Some words Google takes for granted. If you type two words (aspirin stroke) it will assume you want both of those things, so there is no need to type aspirin and stroke. Google also thinks about plurals, so if you ask for cake it will also look for cakes.

As with any other search engine the more specific you are the less you will retrieve. So diabetes retrieved for me, just now, 78,800,800 hits. Diabetes recipes gives 2,260,000. Diabetes recipes cake 1,260,000 and diabetes recipes "carrot cake" just 34,600. Conversely, if you aren't finding enough information then take words out of your search and be more general.

Finally, Google comes in different flavours, as it were. There is an image search, a maps search and a news search - click the links above the search box to find these.

Google has a page of tips on searching and a "cheat sheet" listing all the various ways of making Google even better.

Monday 8 October 2007

Mother knows best

Hitting the headlines this weekend was the story of the mother who wants her daughter to have a hysterectomy. There is no medical need for this operation, but the girl has cerebral palsy and her mother is concerned that her daughter will be "confused" by menstruation and that it will cause her "indignity".

Presumably the mother speaks from her own experience when she speaks of menstruation involving "tears...pain...embarrassment". Menstruation is a very personal issue.
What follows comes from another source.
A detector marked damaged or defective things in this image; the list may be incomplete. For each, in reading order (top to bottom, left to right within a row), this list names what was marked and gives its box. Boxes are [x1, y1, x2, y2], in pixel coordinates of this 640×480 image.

Janet Street Porter, writing in The Independent about a new pill that will prevent periods talks of the "horror of menstruation." For other women it's no more than a minor inconvenience. Is it right to force you own view of menstruation on to someone else. Why assume that it will cause pain and embarrassment to the daughter when many women experience no such thing?

And why undergo surgery - which always carries some risk - when there is a handy pill that will do the same job? Pills have safety issues, too, and who knows how preventing part of a woman's normal biology will affect her health? The experts, as ever, are divided.
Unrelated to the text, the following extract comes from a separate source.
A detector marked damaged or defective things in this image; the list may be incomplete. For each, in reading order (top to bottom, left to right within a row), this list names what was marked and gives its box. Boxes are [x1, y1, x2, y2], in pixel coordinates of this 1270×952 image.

This story has echoes of the "pillow angel" story. Who benefits from the hysterectomy - the child, or the mother? If the mother is the primary carer is it necessarily wrong to do something that is "just" in her interest? Surely it's in the child's best interest to have her mother feel she can cope with caring for her? Without care at home this girl would need to be cared for by the state, costing money that could be spent elsewhere. Carers save the NHS billions of pounds each year.
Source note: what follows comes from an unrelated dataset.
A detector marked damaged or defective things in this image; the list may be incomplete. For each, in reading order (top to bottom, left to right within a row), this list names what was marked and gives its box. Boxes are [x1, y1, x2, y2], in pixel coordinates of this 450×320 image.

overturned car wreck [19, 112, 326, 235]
As ever, although the mother says this is all about her child, any court decision on whether or not doctors can carry out the hysterectomy will have wider implications. Disability groups perhaps fear the thin end of the wedge, that having gone this far society will ask why not give hysterectomies to women with Downs, with MS, with ADHD, with any nasty antisocial habits we'd rather not perpetuate. How many steps is it from one hysterectomy to mass sterilisation of "life unworthy of life"?

As with many ethical debates our personal views and experiences colour our reactions. We perhaps react more strongly where a child is involved. We have our own views on the right and proper way for a mother to treat her child. Should we accept these emotions as part of the evidence in considering an ethical case, or is ethics an absolute, like a mathematical problem where it is possible to come to the right answer?

I don't have the answers. We have books in the library to help you think through ethical issues. You'll also find stories on ethical issue to get you thinking on our current awareness page.